In a recent piece in Politico, Davis Noll explained that these tactics have sometimes proved effective, even when ultimately blocked by courts, because the delays they cause can help advance the deregulatory agenda.
Policy Integrity has filed several amicus briefs in cases challenging the Trump administration’s suspensions of regulations, so in part, Revesz says, their article grew out of work they were doing on the ground. But, he notes, it wasn’t until six or seven months into Trump’s term that a fuller picture of the three avenues of antiregulatory attack emerged. And it took a few additional months to arrive at the thesis of the article: The Trump strategy will become the new normal, with a major impact on future politics.
In particular, future one-term presidents whose successors are from an opposing party “are unlikely to see a significant portion of their regulatory output on important matters survive,” the article predicts, because many actions taken during the second half of their term will be vulnerable to reversal. (Even reelected presidents will face this problem with regulations adopted during their second term.)
This has implications on multiple fronts, including transition planning; the timing, speed, and scope of regulatory actions; reelection strategy; and a president’s incentive to help his or her party maintain control of Congress and elect a successor. Although the Trump playbook is currently being used to undo regulation, the article explains that a pro-regulatory president could employ it to reverse previous reversals.
“The fact that you might need reelection to actually leave a regulatory mark is a really significant change,” says Revesz, “and so the thing that I found most interesting was how these three obscure, not well-understood administrative law tools could change in such a fundamental way the nature of presidential power.”
Regulatory power in the current era holds outsize significance because Congress, mired in gridlock, gets so little done. One major driver of gridlock is the Senate filibuster, which is discussed at some length in Davis Noll and Revesz’s article; another is extreme political polarization.
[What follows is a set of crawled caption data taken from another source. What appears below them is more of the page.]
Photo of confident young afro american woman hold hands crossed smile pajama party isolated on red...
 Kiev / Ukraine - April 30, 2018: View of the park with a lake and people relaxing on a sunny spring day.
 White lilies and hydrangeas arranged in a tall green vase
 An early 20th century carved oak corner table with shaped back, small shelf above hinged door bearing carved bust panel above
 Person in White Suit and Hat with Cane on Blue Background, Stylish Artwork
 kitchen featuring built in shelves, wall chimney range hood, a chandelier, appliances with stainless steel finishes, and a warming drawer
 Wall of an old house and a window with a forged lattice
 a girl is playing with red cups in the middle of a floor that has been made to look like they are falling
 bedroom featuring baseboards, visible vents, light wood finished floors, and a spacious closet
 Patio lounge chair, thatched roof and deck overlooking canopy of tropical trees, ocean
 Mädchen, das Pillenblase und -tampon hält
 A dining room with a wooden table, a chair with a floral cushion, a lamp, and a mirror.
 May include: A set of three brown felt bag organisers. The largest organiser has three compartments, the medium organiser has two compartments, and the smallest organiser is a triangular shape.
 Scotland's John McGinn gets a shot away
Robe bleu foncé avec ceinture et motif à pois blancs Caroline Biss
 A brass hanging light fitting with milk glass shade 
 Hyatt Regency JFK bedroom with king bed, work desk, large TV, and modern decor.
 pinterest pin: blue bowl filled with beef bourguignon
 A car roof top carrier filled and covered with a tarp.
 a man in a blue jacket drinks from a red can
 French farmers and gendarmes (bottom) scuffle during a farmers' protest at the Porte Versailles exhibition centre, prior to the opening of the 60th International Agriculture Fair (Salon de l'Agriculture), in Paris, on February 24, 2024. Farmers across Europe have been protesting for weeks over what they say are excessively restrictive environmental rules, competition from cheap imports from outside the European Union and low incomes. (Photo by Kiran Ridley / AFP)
Could things change?
“It's important for a president and for Congress to be able to get work done, and probably the best hope for that is if the parties can come together and find common ground and shared interests,” says Davis Noll. “I think it is possible that the need for stability and the need to solve real problems could be something that can bring the parties together in the future.”
Revesz agrees that things could change. “I believe in things going in cycles,” he says. “It wasn’t always this way.” But, he adds, “It’s not clear to me that we’re going to get out of this anytime soon.”